Hi,
On 2021-03-24 18:36:14 +0900, Fujii Masao wrote:
> Barring any objection, I'm thinking to commit this patch.
To which branches? I am *strongly* opposed to backpatching this.
> /*
> - * Simple signal handler for exiting quickly as if due to a crash.
> + * Simple signal handler for processes which have not yet touched or do not
> + * touch shared memory to exit quickly.
> *
> - * Normally, this would be used for handling SIGQUIT.

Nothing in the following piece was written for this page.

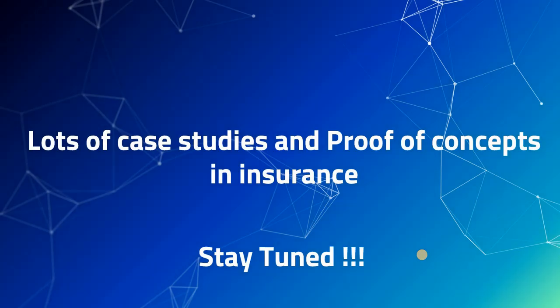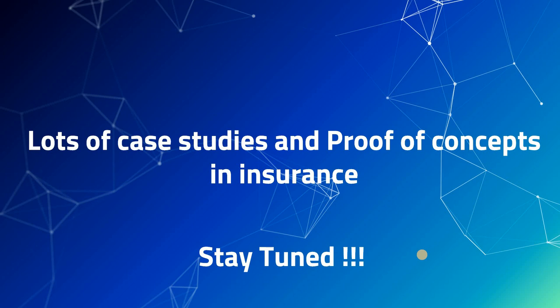By doing all this, we're going to discuss a lot of case studies and proofs of concept in insurance. So stay tuned and we will discuss many exciting things in this series. Thank you and have a good day.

> + * Note that if processes already touched shared memory, use
> + * SignalHandlerForCrashExit() instead and force the postmaster into
> + * a system reset cycle because shared memory may be corrupted.
> + */
> +void
> +SignalHandlerForNonCrashExit(SIGNAL_ARGS)
> +{
> + /*
> + * Since we don't touch shared memory, we can just pull the plug and exit
> + * without running any atexit handlers.
> + */
> + _exit(1);
> +}
This strikes me as a quite a misleading function name. Outside of very
narrow circumstances a normal exit shouldn't use _exit(1). Neither 1 no
_exit() (as opposed to exit()) seem appropriate. This seems like a bad
idea.
Also, won't this lead to postmaster now starting to complain about
pgstat having crashed in an immediate shutdown? Right now only exit
status 0 is expected:
if (pid == PgStatPID)
{
PgStatPID = 0;
if (!EXIT_STATUS_0(exitstatus))
LogChildExit(LOG, _("statistics collector process"),
pid, exitstatus);
if (pmState == PM_RUN || pmState == PM_HOT_STANDBY)
PgStatPID = pgstat_start();
continue;
}
> + * The statistics collector is started by the postmaster as soon as the
> + * startup subprocess finishes, or as soon as the postmaster is ready
> + * to accept read only connections during archive recovery. It remains
> + * alive until the postmaster commands it to terminate. Normal
> + * termination is by SIGUSR2 after the checkpointer must exit(0),
> + * which instructs the statistics collector to save the final statistics
> + * to reuse at next startup and then exit(0).
I can't parse "...after the checkpointer must exit(0), which instructs..."
> + * Emergency termination is by SIGQUIT; like any backend, the statistics
> + * collector will exit quickly without saving the final statistics. It's
> + * ok because the startup process will remove all statistics at next
> + * startup after emergency termination.
Normally there won't be any stats to remove, no? The permanent stats
file has been removed when the stats collector started up.
Greetings,
Andres Freund